WHAT IS EXPECTED
Word for word, retype the lines from the one containing "まだまだクラウドのことがわからないという方々とよく知っていて使い" to the last line of the data below, both ends included.

EXTRACTED INFORMATION
┌────────

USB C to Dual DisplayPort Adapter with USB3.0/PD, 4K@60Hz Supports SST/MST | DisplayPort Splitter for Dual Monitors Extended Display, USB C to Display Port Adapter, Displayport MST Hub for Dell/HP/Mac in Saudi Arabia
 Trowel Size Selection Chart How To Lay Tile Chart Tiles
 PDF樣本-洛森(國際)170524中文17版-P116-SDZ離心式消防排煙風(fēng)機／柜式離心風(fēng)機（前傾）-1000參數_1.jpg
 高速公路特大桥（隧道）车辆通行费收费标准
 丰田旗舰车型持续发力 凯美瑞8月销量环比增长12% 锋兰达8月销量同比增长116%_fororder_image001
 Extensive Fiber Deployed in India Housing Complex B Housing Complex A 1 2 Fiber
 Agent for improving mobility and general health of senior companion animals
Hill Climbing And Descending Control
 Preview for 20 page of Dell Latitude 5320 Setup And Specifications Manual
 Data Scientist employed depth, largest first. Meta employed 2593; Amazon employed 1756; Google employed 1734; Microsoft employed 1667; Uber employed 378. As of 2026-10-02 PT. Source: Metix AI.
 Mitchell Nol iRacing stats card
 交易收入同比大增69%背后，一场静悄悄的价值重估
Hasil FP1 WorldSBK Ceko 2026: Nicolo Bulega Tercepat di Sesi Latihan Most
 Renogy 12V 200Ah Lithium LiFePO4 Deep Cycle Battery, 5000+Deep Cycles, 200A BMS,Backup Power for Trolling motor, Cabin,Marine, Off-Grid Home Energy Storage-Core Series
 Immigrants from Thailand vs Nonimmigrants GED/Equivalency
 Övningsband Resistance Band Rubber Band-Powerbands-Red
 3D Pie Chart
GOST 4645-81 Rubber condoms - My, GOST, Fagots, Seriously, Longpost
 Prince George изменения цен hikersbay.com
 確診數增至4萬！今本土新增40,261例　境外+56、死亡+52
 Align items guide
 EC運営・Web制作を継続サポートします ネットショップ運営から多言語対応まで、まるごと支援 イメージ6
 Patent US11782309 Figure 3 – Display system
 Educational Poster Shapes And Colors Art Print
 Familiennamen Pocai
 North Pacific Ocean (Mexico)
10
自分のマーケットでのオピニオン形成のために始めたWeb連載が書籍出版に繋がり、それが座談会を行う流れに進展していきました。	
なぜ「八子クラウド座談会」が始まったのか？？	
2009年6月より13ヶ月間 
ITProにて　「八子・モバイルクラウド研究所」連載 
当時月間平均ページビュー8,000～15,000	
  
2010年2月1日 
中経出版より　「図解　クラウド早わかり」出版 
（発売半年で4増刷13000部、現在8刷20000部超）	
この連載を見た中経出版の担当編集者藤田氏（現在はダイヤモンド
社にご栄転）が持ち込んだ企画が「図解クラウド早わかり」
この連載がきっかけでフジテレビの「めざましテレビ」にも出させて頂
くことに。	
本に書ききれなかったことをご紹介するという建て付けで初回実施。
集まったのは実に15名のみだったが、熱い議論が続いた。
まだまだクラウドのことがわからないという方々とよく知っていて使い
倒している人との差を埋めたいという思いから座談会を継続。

└────────

RESULT BELOW
まだまだクラウドのことがわからないという方々とよく知っていて使い
倒している人との差を埋めたいという思いから座談会を継続。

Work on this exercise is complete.